The gravel-voiced Maysles (pronounced May-zuls) quickly riffed on his work with brother David (1931-87) and discussed what it is needed to make a good documentary—stories.

The Maysles brothers pioneered a brand of documentary-making called Direct Cinema in which they allowed the film’s subjects to speak freely, directly, for themselves without any questions or commentary. The main inspiration for their style of filmmaking came from a rather unlikely source—Truman Capote’s non-fiction novel In Cold Blood. This book led the Maysles to “experiment in film the way Capote had experimented in literature,” or as Albert Maysles later described it:

Making a film isn’t finding the answer to a question; it’s trying to capture life as it is.
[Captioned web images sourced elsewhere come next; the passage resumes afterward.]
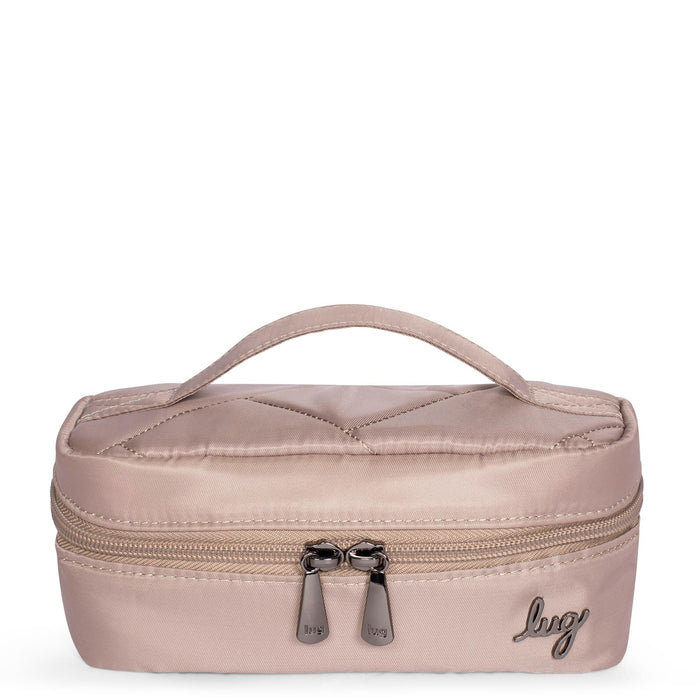 LUG - Swizzle Jewelry Case - Limolin 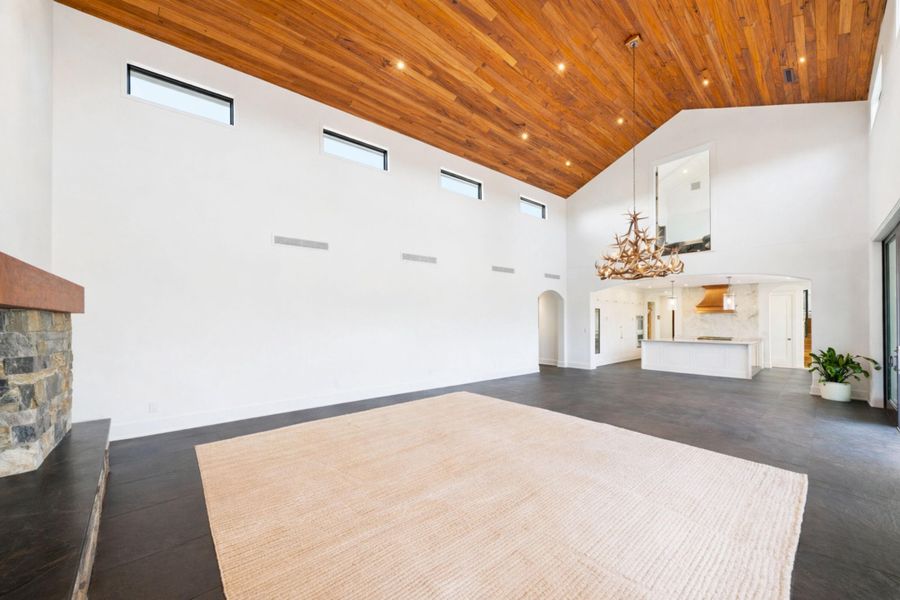 009a 26209 SW Jockeys Run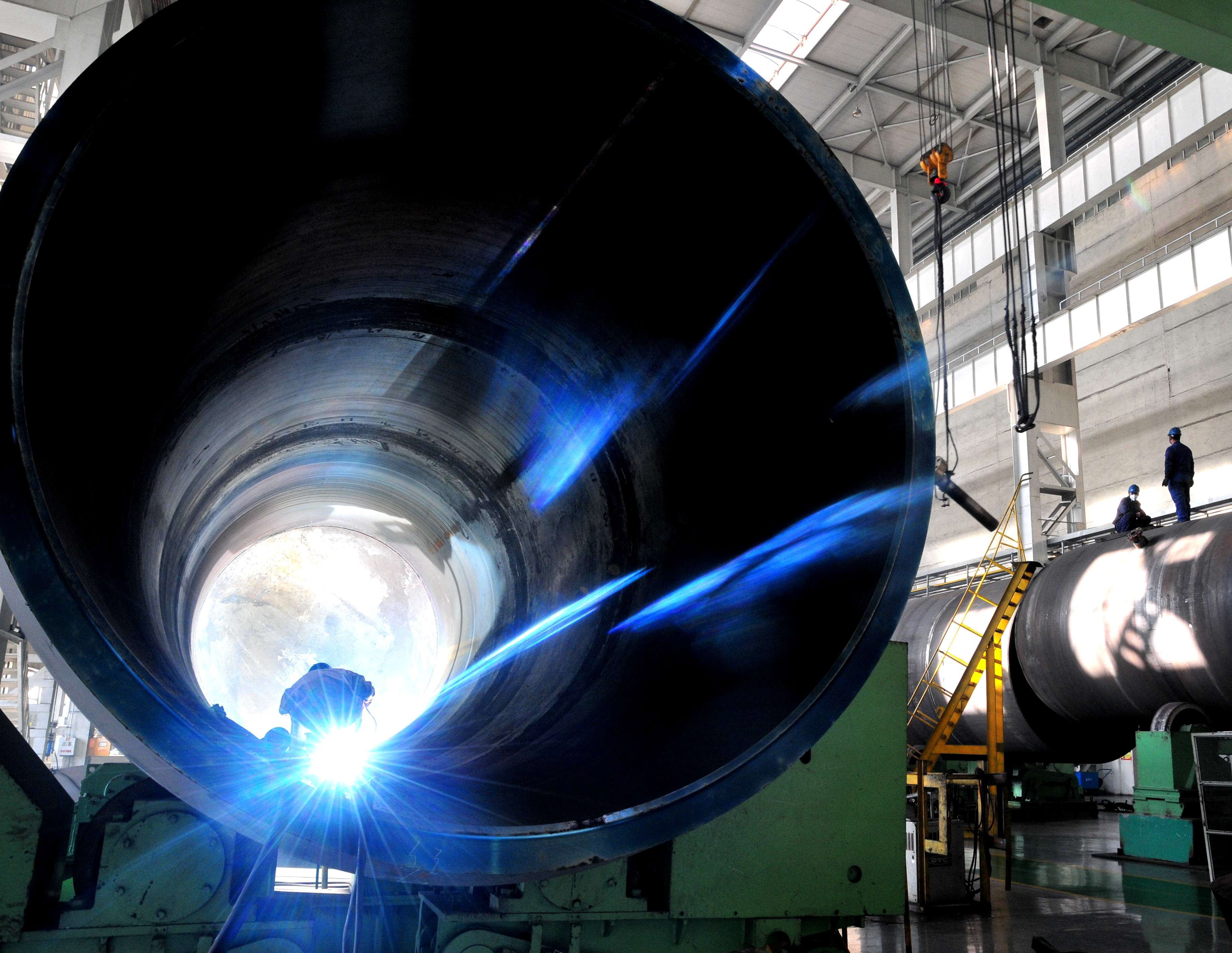 头等玩家官网-相信品牌力量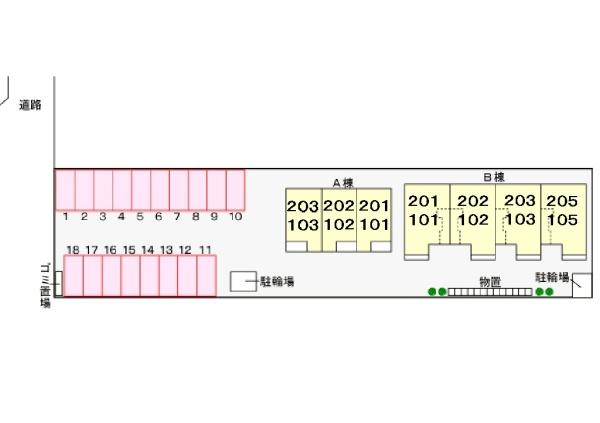 エクセルディアコートＳＫＰ．Ｂ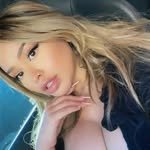 Sara sinclair - @sarasinclair31 - Instagram
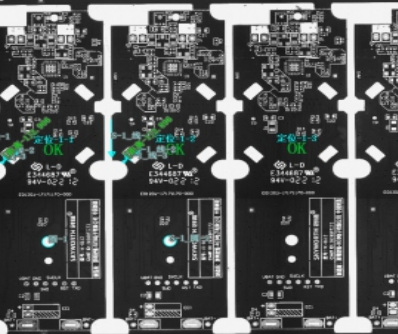 pcb311x234 BC.Game(中国)有限公司-官方网站
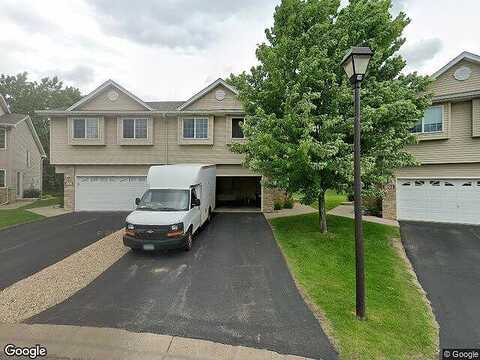 132Nd, HUGO, MN 55038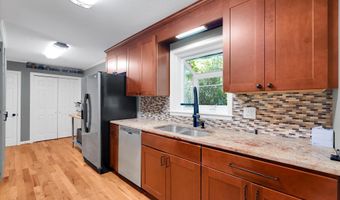 101 Nottingham Way, Anderson, SC 29621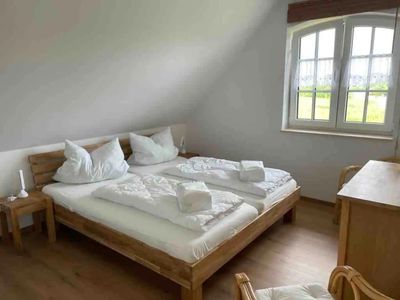 Ferienhaus für 6 Personen (85 m²) in Dassow 7/10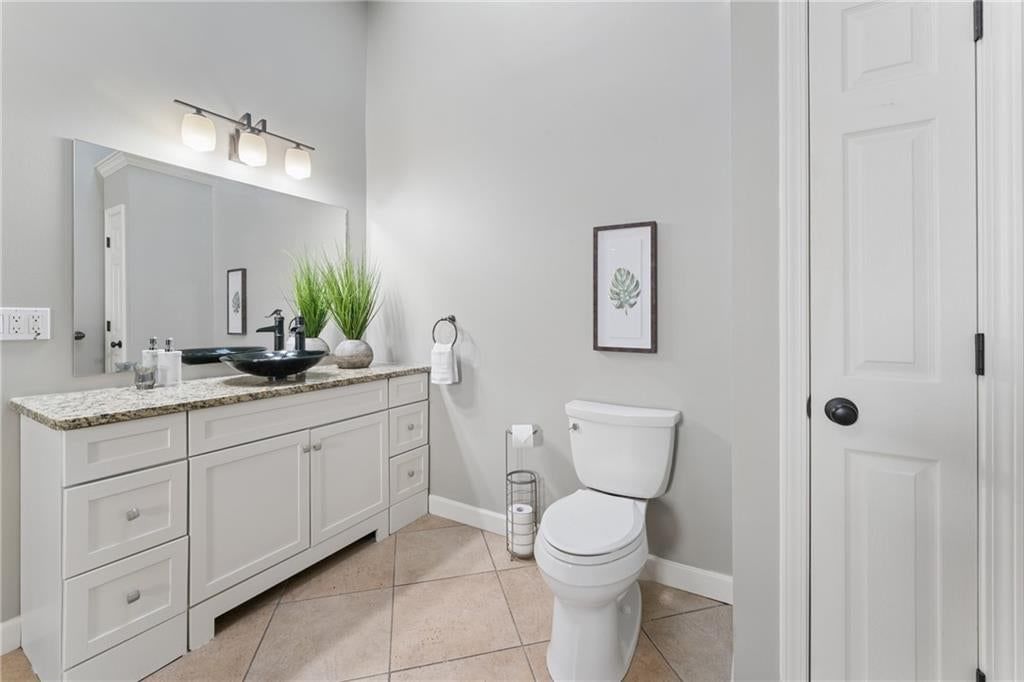 11101 NW 55th Street — photo 23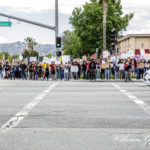 Simi Valley – BLM Protest – 6-6-20-57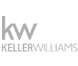 A logo of a real estate agency using Nadlan One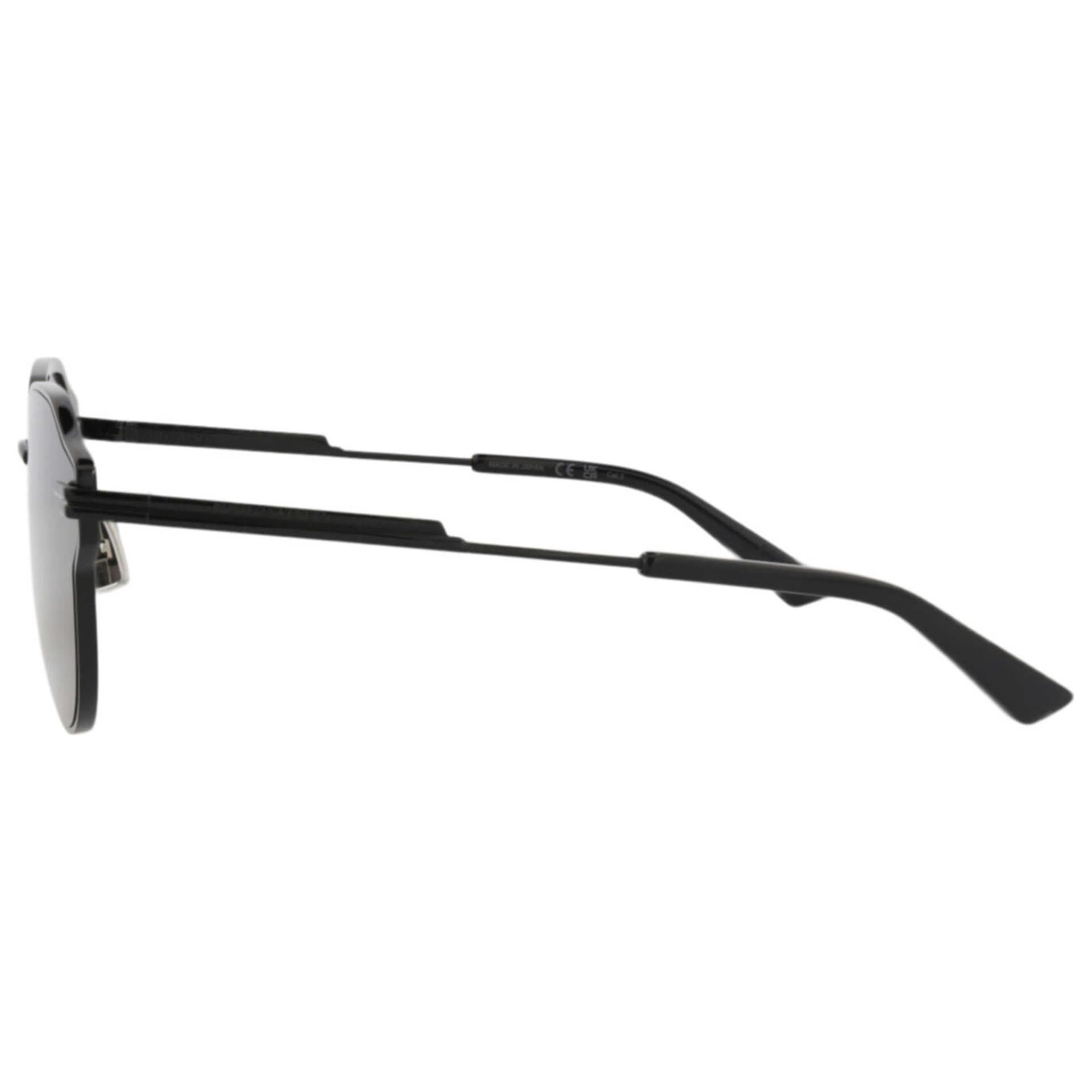 Bottega Veneta Unisex Sunglasses BV1271S-30014555-001 3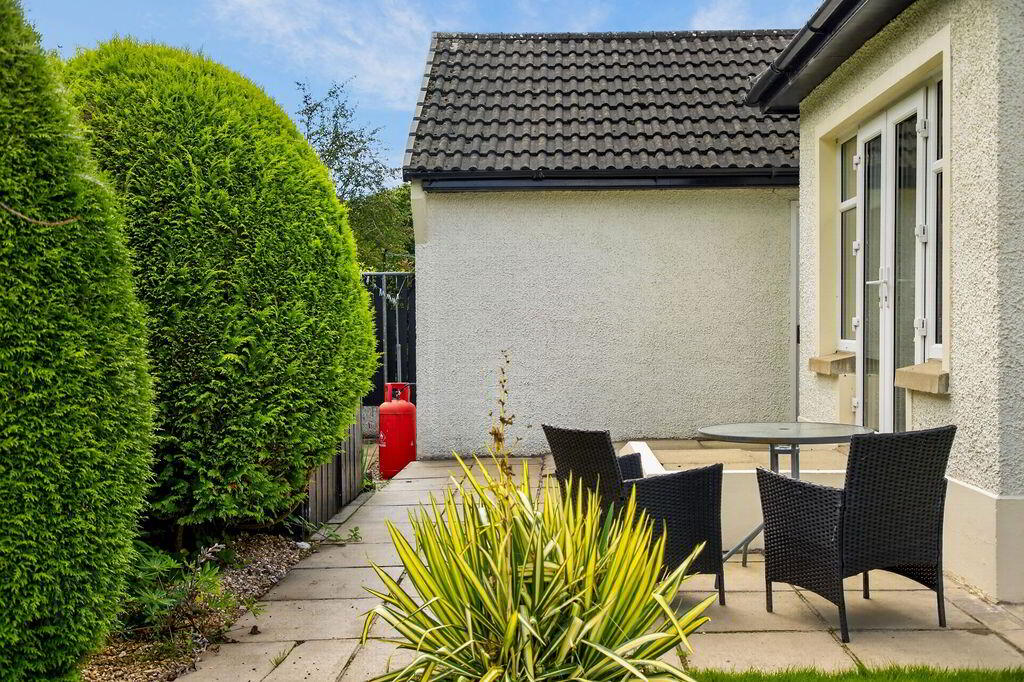 32 Tullagh Brow 25 of 26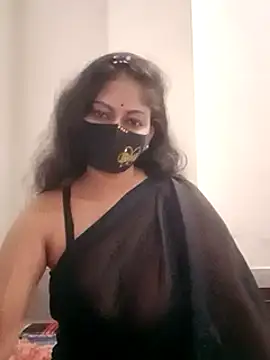 Snapshot of hiya-sen chatting on February 21, 2025, 3:10 pm hiya-sen online show from February 21, 2025, 3:10 pm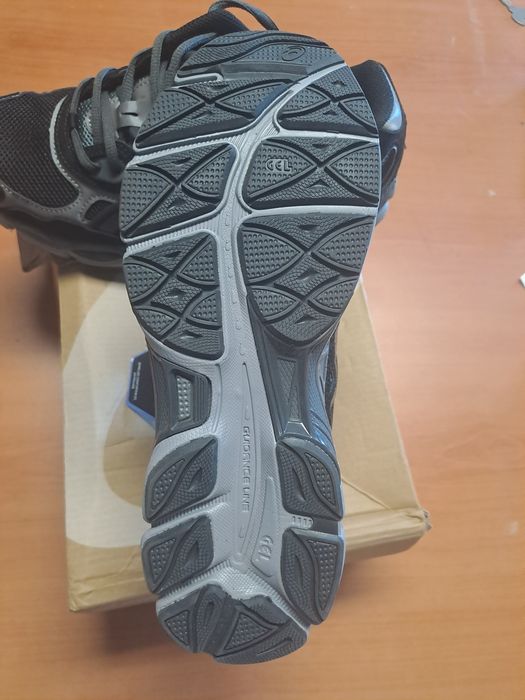 Asics Gel NYC Оригинални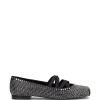 Otessa Ballet Flat In <Jessica Simpson Discount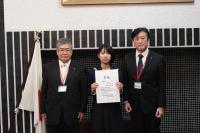 【写真部】那須さん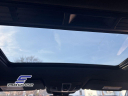 Thumbnail image of 2019 Mercedes-Benz GLS at STREAM AUTO OUTLET
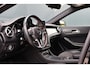 Mercedes-Benz GLA 200 Ambition AMG | 157pk | Automaat | 19 Inch | Stoelverwarming | Navi | Leer / Alcantara | Xenon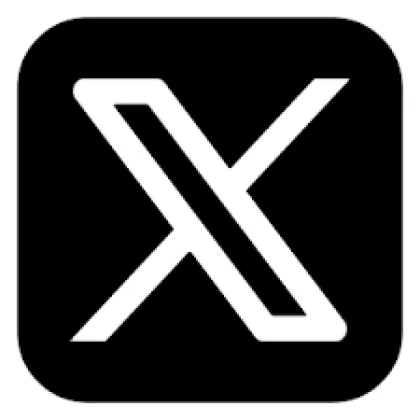 Twitter （X） 账号 注册21+ 天 . Outlook 邮箱.  Token + 2FA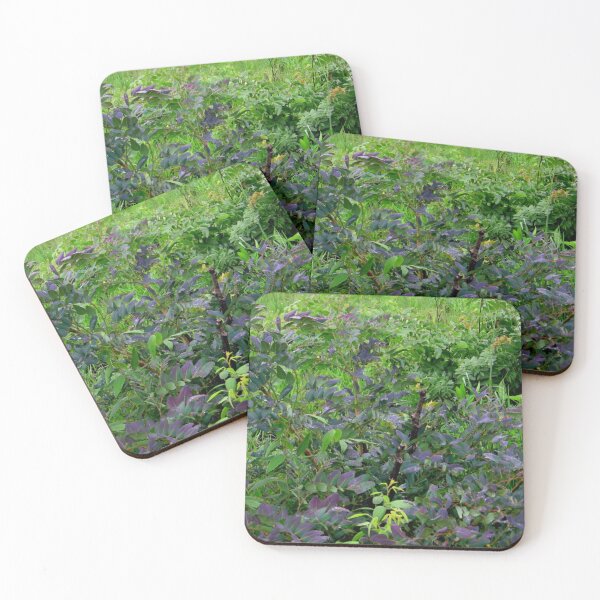 Item preview,  Foliage fantastic designed and sold by RosJoy.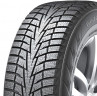 R13 175/70 Автошина HANKOOK W-616   82T (зима) м
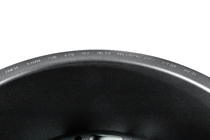 BMW X5 G05 2019–2026 Llantas forjadas OEM R22 V6 (juego de 4) foto 15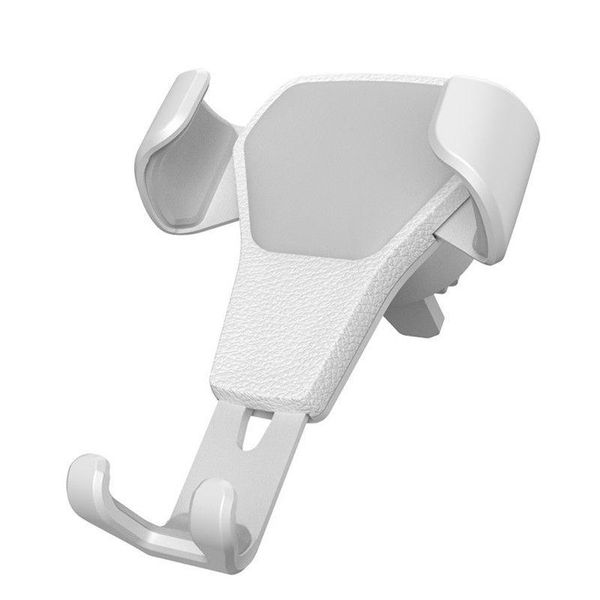 car phone mount shockproof design cell holder gravity air vent cradle stand for mobile gps mounts & holders
car phone mount shockproof design cell holder gravity air vent cradle stand for mobile gps mounts & holders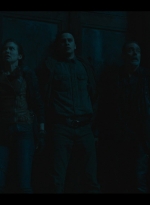 twddeadcity101_scnet_1733.jpg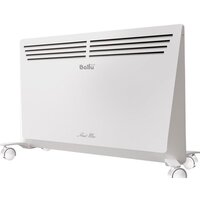 Ballu BEC/HME-2000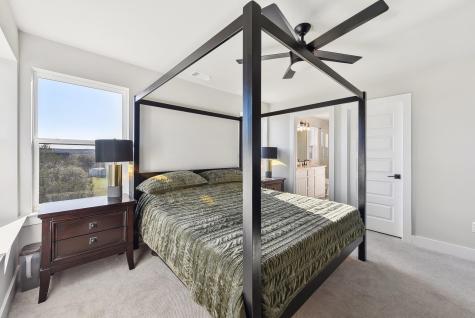 25 Woodacre Drive Wimberley TX 78676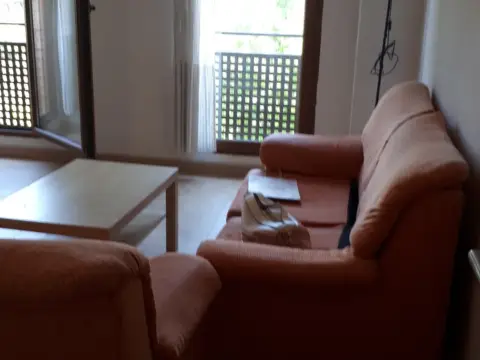 Piso en Plaza del Mercado, 1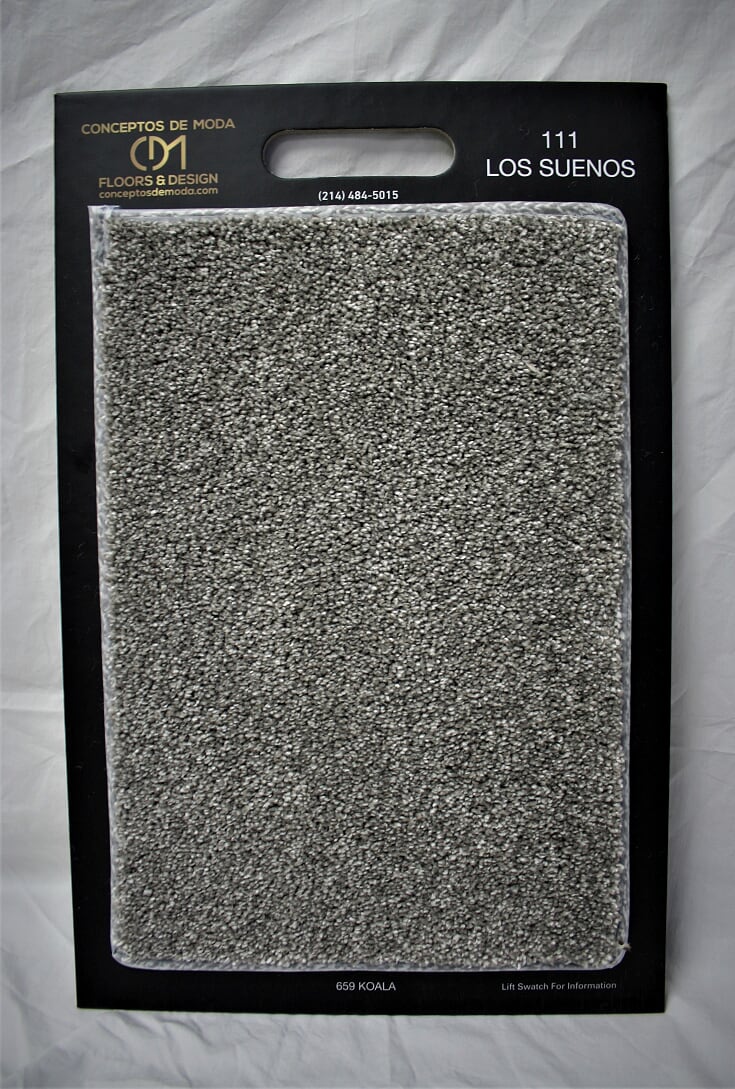 De Moda Floors Image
Both brothers studied psychology at Boston University and after graduating Albert went onto document psychiatric conditions in Russia, while David moved into working in Hollywood as a production assistant. David grew “disenchanted” with conventional film-making and together with Albert the brothers began making their own documentary films with David on sound and Albert on camera. Their first works together were Russian Close-Up (although only credited to Albert Maysles) and Youth in Poland. Then in 1960, the brothers joined photojournalist Robert Drew’s film company where they worked on projects alongside the likes of Richard Leacock and D. A. Pennebaker. After filming Truman Capote for the launch of his novelized work of non-fiction In Cold Blood (1966), the brothers decided to approach filmmaking in the same way Capote had documented the quadruple murder of the Clutter family in Holcomb, Kansas, in 1959 by Richard “Dick” Hickock and Perry Smith, and detailed their subsequent trial and execution. Taking Capote’s book as their inspiration, the Maysles went onto create a new kind of revelatory documentary where the story seemingly developed organically. Their works included a look at the business of door-to-door Bible salesmen, Salesman (1969), the Rolling Stones’ fateful appearance at Altamont Gimme Shelter (1970), and the lives of two reclusive upper middle class women, a mother and daughter, who lived together on a derelict estate Grey Gardens (1976). Each of these films changed the way filmmakers thought about and made documentaries.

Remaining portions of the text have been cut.